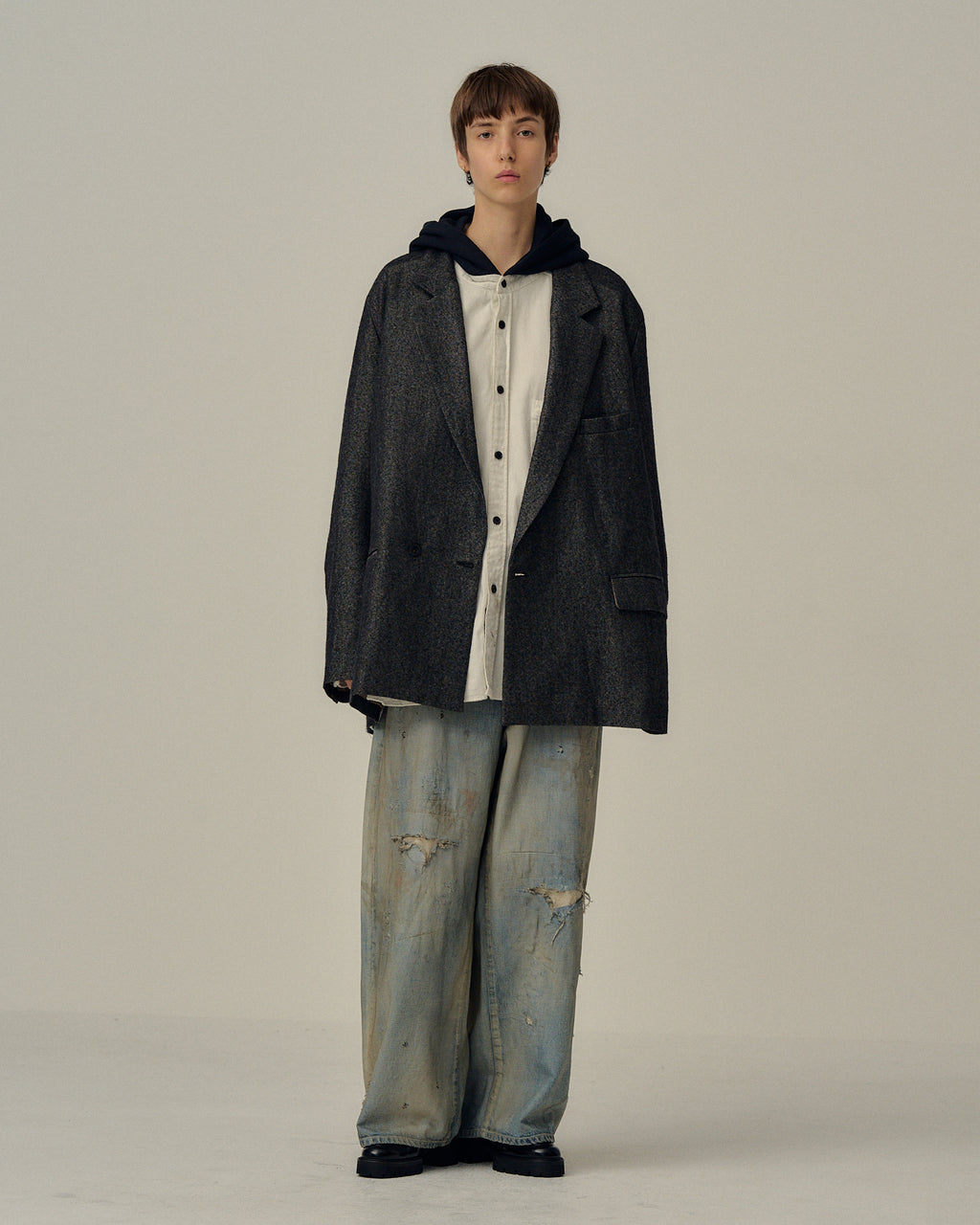 SEMI-DOUBLE TAILORED JACKET(BROWN) – ANCELLM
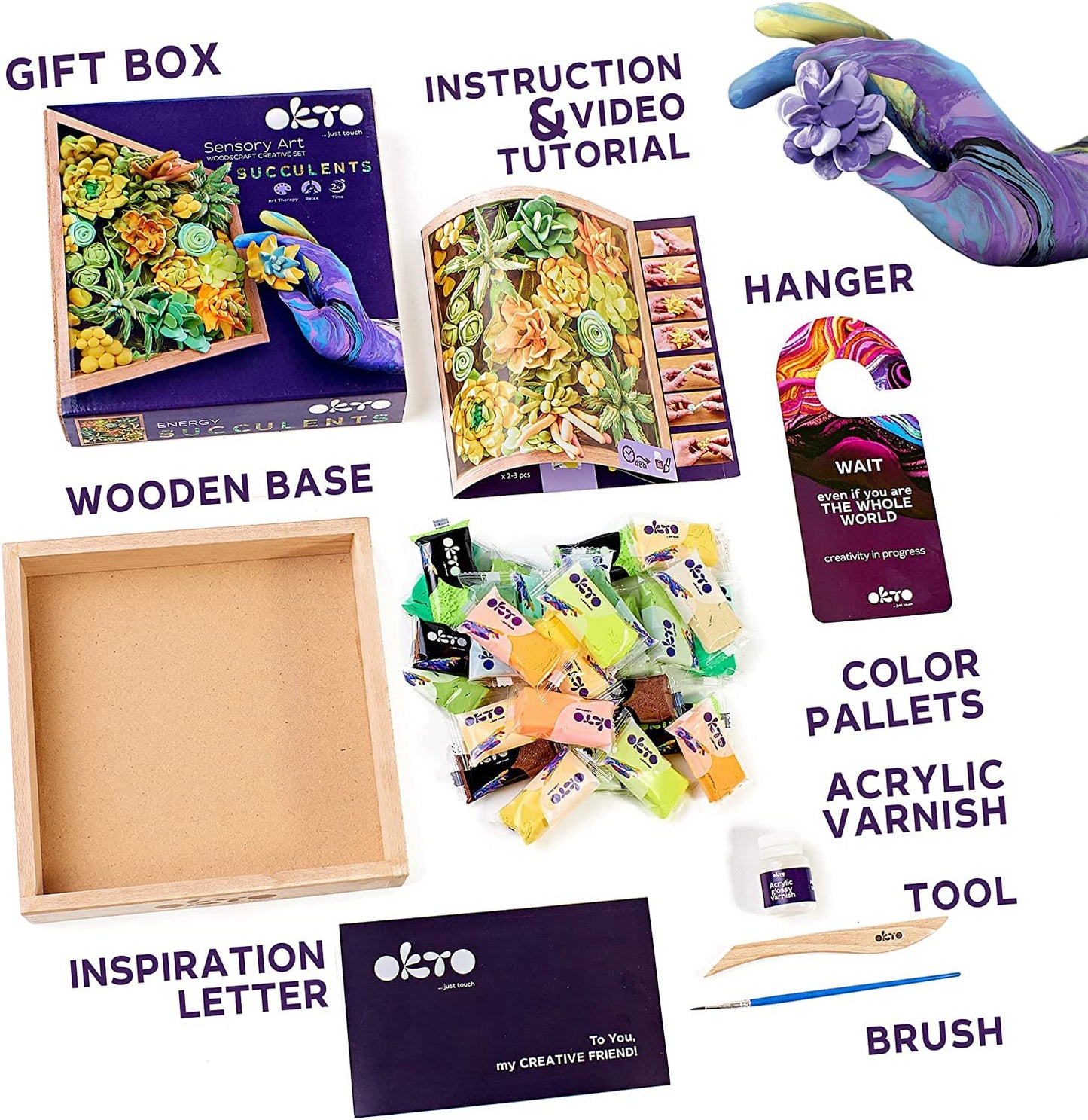 Art Kit Energy | Succulents Art Set 3D for Home Wall Decor | Craft Kits for Adults and Teen | Craft Box with Modeling Clay for Succulents | Hobby Kits Succulent DIY Kits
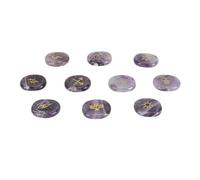 Juego de Runas de Brujas, Cuidadosamente Elaboradas, 10 piezas. Piedras Rúnicas curativas. Juego de Símbolos Gitanos Grabados para Adivinar la fortuna. (Amatista)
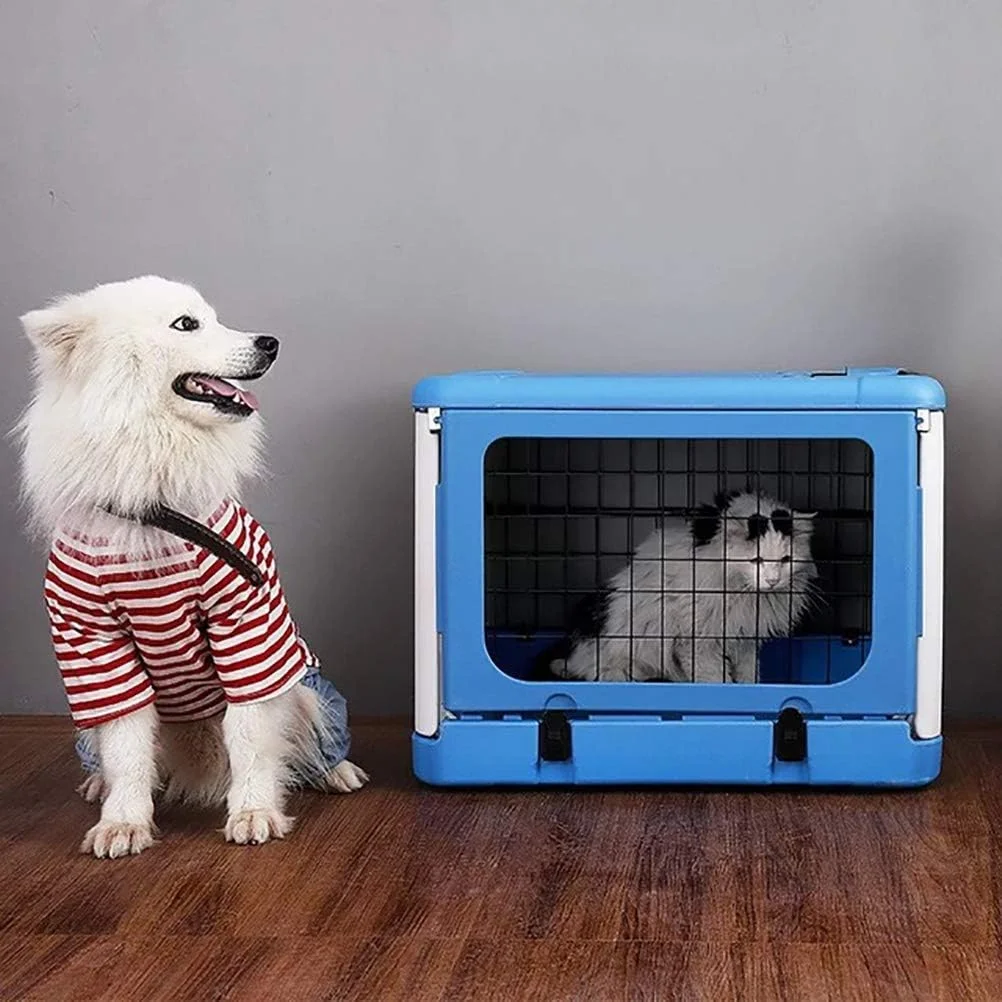 قفس سگ تاشو دو درب WYJW، باکس حمل حیوانات خانگی، قفس سگ، لانه گربه، باکس هوا، لانه سگ قابل حمل برای ماشین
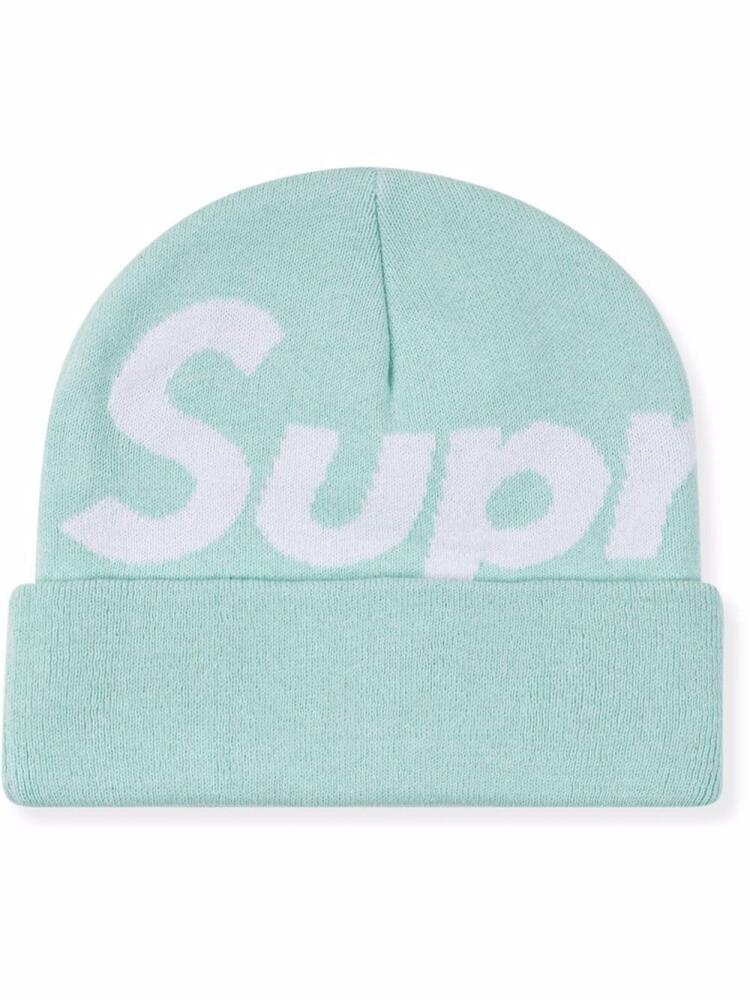 Supreme Big Logo knitted beanie - Blue Cover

_____

• [YOUR TASK]: Output the records above character for character, but leave each image out.

• [WRITTEN ANSWER]:
 SEMI-DOUBLE TAILORED JACKET(BROWN) – ANCELLM
 Art Kit Energy | Succulents Art Set 3D for Home Wall Decor | Craft Kits for Adults and Teen | Craft Box with Modeling Clay for Succulents | Hobby Kits Succulent DIY Kits
 Juego de Runas de Brujas, Cuidadosamente Elaboradas, 10 piezas. Piedras Rúnicas curativas. Juego de Símbolos Gitanos Grabados para Adivinar la fortuna. (Amatista)
 قفس سگ تاشو دو درب WYJW، باکس حمل حیوانات خانگی، قفس سگ، لانه گربه، باکس هوا، لانه سگ قابل حمل برای ماشین
 Supreme Big Logo knitted beanie - Blue Cover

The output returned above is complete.